A look at what Iowa’s program has accomplished before accentuates the disappointment of where the program stands.

Under heralded coach Gayle Blevins (1988-2010), the Hawkeyes surged to 16 NCAA Tournaments, four Women's College World Series appearances, five conference championships, and two Big Ten Tournament titles. The support poured in as Iowa flourished.

Those glory days serve as a benchmark for future success. No one is predicting an instant turnaround given how far the Hawkeyes have fallen, but the school’s strong softball history is a reminder of where this program can go.

“The World Series is always our goal,” Gillispie said, “and being able to take (this team) and see some good things from this year is going to be exciting to watch.”  

The buy-in had to be there from the jump, and all indications are that’s the case. Countless Hawkeyes have slogged through one losing season after another. Everyone is ready for some prosperity.

Iowa pitcher Allison Doocy (3) poses for a portriat during Hawkeyes softball media day, Friday, Feb. 1, 2019, at the Hawkeye Tennis and Recreation Complex Iowa Turf in Iowa City, Iowa.

“If you don’t buy in, we can’t all move forward together,” sophomore Aralee Bogar said. “Just everyone knowing that coach Gillispie knows what’s best for our program — and everyone buying into that — is going to make us better.

“If we’re all on the same page, we’re going to move forward. And if we’re on different pages, we’re going to stay where we are. I think everyone has done a great job with following that lead.”    

An influx of Iowans appears to be the first correction. Too many times during the Looper era, some of the state’s best players ventured elsewhere to play — often to Big Ten schools or other programs on Iowa’s schedule.

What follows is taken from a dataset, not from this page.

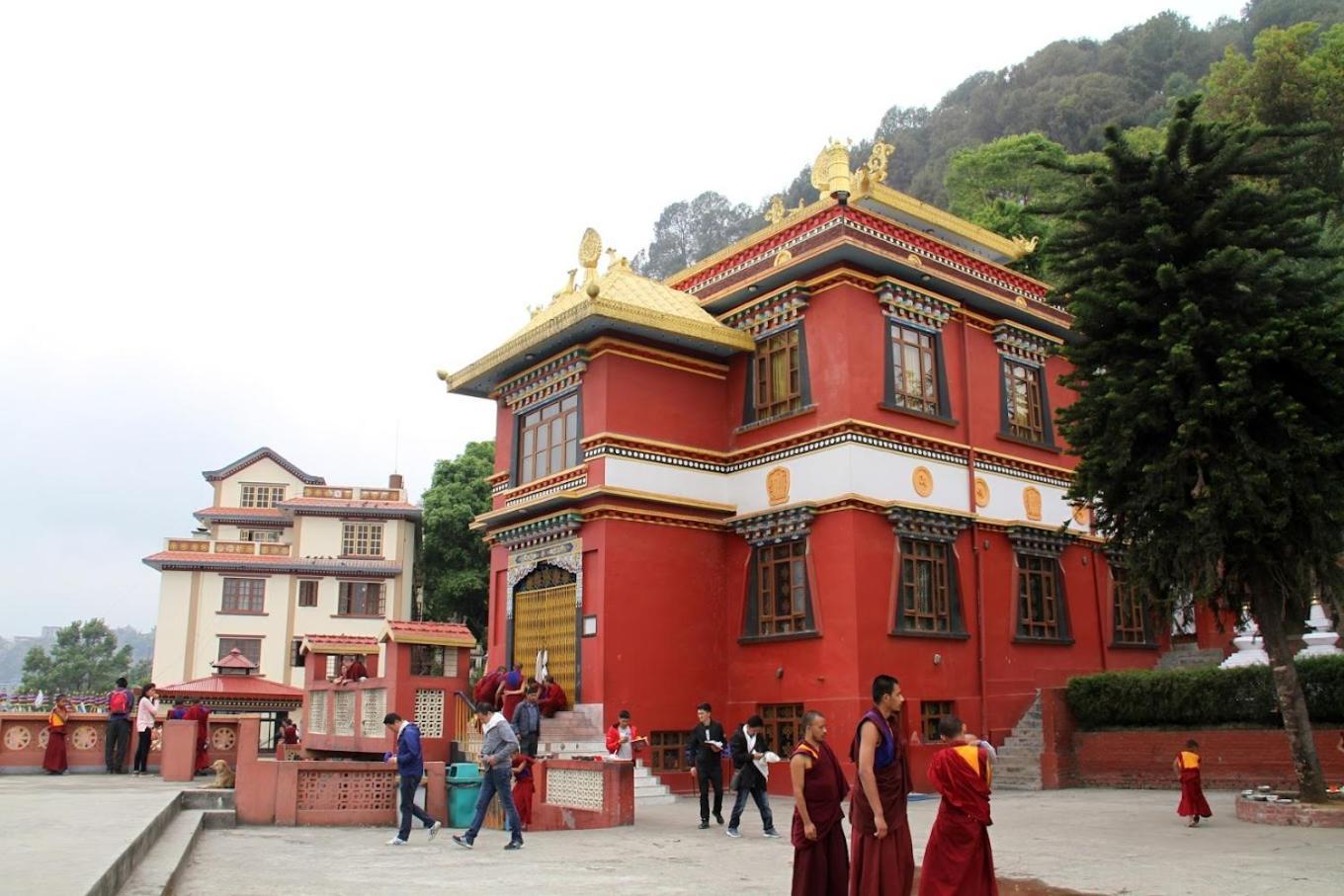 House Of Forrest, Service * Kathmandu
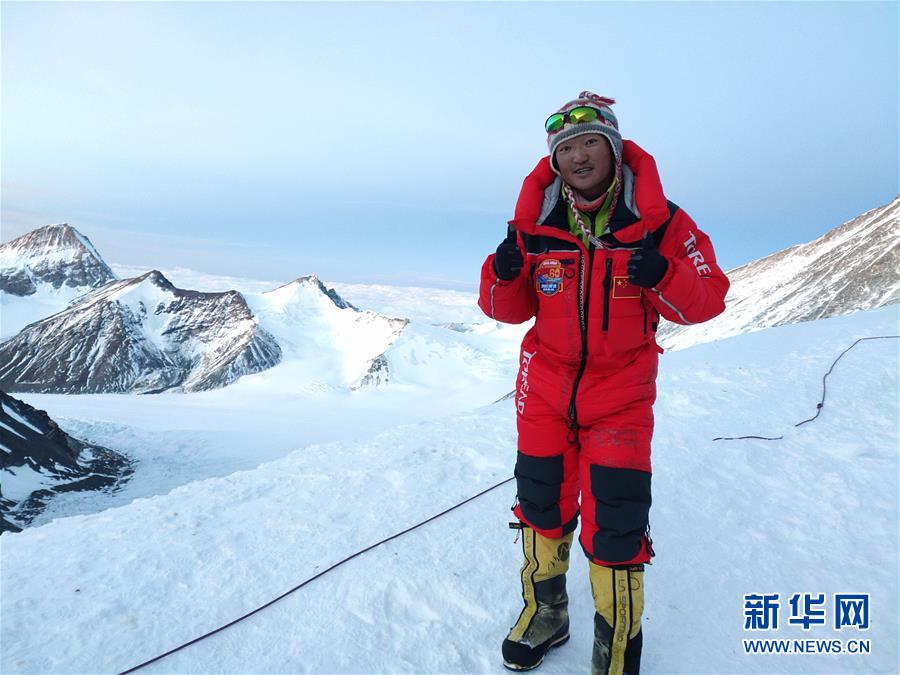 （新華全媒頭條&middot;青春的夢(mèng)想　青春的奮斗&middot;圖文互動(dòng)）（1）二〇二一&mdash;&mdash;二〇三五：照見(jiàn)你我青春路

Five of the Hawkeyes’ eight 2019 signees announced in November were Iowans. The current roster is 44 percent in-state players (eight of 18). Expect that percentage to increase as Gillispie’s tenure unfolds.

As with most Midwest schools, it’ll be a while before Gillispie’s Iowa City debut. The Hawkeyes’ first 28 games are away from home, split between five tournaments. That includes one midweek game at Illinois State and their conference-opening series at Purdue. Iowa’s home opener is March 27 against Western Illinois.

Time will tell if this is the start of Iowa’s softball revival. For now, though, everyone is saying the right things.  

“The coaching staff has this high standard that everyone has bought into,” sophomore Sarah Lehman said. “We’re just excited to get it going.”